Afasta-se, assim, qualquer inconstitucionalidade, uma vez que a sujeição do feito à jurisdição estatal não sofrerá qualquer limitação. Ao contrário, o procedimento racionaliza o processamento de inúmeros recursos cuja matéria de direito é idêntica a outros tantos. A apreciação apenas de alguns feitos economiza custos e racionaliza a atividade jurisdicional.

À luz do exposto, meu voto acompanha o voto do eminente deputado Maurício Rands.

Sala da Comissão, 2 de outubro de 2007 (grifos)

Após a tramitação na Câmara dos Deputados, o projeto seguiu para o Senado Federal – PLC 117/2007, e foi aprovado em 9 de abril de 2008.

Em 8 de maio de 2008, foi promulgada a Lei 11.672, com vigência a partir de 8 de agosto de 2008, acrescentando o artigo 543-C ao Código de Processo Civil e estabelecendo o procedimento para o julgamento de recursos repetitivos no âmbito do Superior Tribunal de Justiça. Athos Gusmão Carneiro, mentor do projeto dos recursos especiais repetitivos, ao encaminhar a proposta de projeto da lei ao Ministério da Justiça, destacou que o seu objetivo era criar um mecanismo que amenizasse “o problema representado pelo excesso de demanda” do Superior Tribunal de Justiça.

Essas demandas, com relações processuais alimentadas de intensa atuação negocial repetida, compõem novas partes no polo passivo das demandas, como as instituições financeiras, os estabelecimentos de ensino, as empresas de telefonia, os órgãos governamentais e as entidades de saúde. No âmbito público e privado, as demandas de massa chegam ao Poder Judiciário brasileiro, caracterizadas com teses tributárias, administrativas, previdenciárias, cíveis e consumeristas.

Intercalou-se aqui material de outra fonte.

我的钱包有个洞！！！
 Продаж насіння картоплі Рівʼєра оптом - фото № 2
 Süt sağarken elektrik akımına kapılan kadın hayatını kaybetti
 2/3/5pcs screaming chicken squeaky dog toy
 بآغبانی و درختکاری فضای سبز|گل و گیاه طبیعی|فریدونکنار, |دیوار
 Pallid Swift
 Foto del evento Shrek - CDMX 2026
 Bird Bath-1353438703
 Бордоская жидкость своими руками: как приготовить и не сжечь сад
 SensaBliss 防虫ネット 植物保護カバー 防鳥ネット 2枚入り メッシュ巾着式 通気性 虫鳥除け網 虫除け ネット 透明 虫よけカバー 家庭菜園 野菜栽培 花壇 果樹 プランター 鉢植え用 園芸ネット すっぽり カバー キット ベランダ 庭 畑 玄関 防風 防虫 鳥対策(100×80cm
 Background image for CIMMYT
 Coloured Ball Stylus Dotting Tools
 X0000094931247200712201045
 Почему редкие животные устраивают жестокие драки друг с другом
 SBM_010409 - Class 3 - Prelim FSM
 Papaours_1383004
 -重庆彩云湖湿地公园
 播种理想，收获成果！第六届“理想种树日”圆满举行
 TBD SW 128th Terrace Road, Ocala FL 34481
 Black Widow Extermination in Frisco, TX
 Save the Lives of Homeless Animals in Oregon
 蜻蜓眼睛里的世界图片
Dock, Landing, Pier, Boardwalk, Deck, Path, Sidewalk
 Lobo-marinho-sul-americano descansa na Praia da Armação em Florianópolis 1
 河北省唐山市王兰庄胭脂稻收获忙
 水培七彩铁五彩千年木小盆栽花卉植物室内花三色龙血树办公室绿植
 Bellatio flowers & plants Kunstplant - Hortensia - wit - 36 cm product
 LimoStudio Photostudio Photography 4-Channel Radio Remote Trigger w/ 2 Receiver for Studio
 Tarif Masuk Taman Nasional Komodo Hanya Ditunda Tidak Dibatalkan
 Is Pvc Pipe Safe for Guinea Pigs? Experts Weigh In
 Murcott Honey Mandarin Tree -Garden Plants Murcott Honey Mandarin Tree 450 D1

Nesses quase sete anos da lei, somados ao aumento anual e incontrolável das demandas no Poder Judiciário brasileiro, ao esgotamento do modelo individualista do Código de Processo Civil de 1973 e do surgimento das demandas coletivas, assim como os reiterados planos econômicos governamentais, o aumento desenfreado do consumo, o aumento da litigiosidade com a criação dos juizados especiais cíveis na justiça estadual e federal, entre outros fatores, continua o enfrentamento para a racionalização e uniformização das chamadas demandas de massa. O guardião da legislação infraconstitucional, com o alarmante volume de processos revelado pelas estatísticas mensais e anuais, continua com uma pauta desafiadora. A chegada dos recursos repetitivos e seu contínuo aprimoramento cultural e procedimental apontam caminhos para a racionalização das demandas no próprio STJ e nas demais cortes Estaduais e Federais.